**WORK TASK:** Only lines, not pictures: please repeat exactly the lines from the one with "Image No.9-4 Bed Apartment for sale" through the end of the listing.

**DATA PROVIDED:**
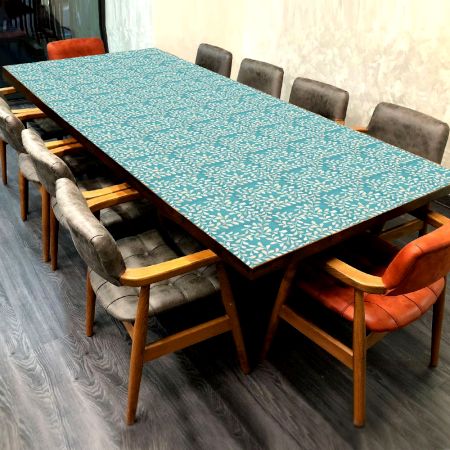 Handmade Eye-Catching Table Top for Decoration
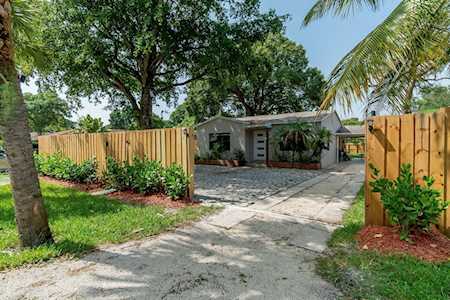 1041 NW 7th Avenue Fort Lauderdale, FL 33311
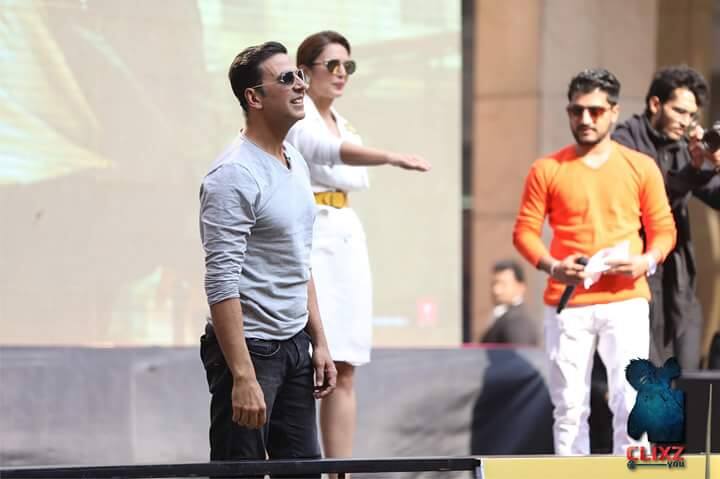 यावेळी त्याच्यासोबत अभिनेत्री हुमा कुरेशीही उपस्थित होती. चाहत्यांनी यावेळचे काही फोटो सोशल मीडियावर शेअर केले आहेत.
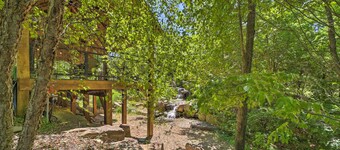 Chalet at Falling Water: Close to Bike Trails
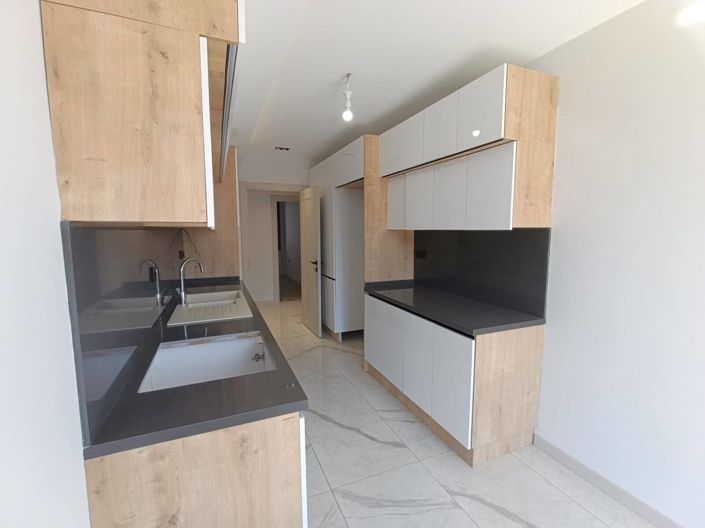 Image No.9-4 Bed Apartment for sale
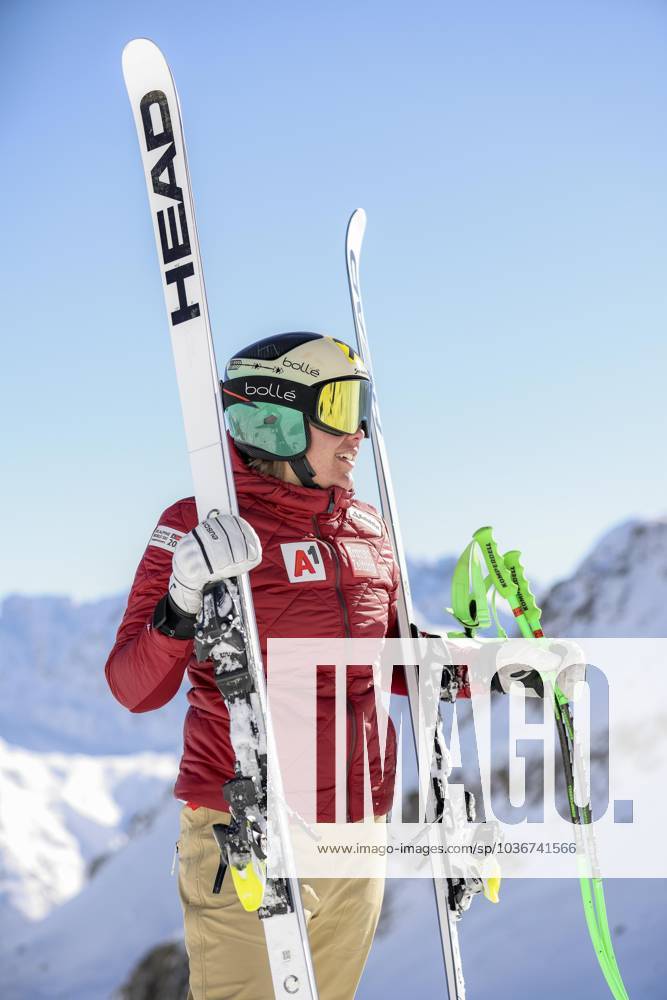 ALPINE SKIING - Ski Austria, training SOELDEN,AUSTRIA,08.NOV.23 - ALPINE SKIING - Ski Austria, downhill, training, ladies. Image shows Magdalena Egger (AUT). GEPAxpictures xPatrickxSteiner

**SOLUTION BELOW:**
 Image No.9-4 Bed Apartment for sale
 ALPINE SKIING - Ski Austria, training SOELDEN,AUSTRIA,08.NOV.23 - ALPINE SKIING - Ski Austria, downhill, training, ladies. Image shows Magdalena Egger (AUT). GEPAxpictures xPatrickxSteiner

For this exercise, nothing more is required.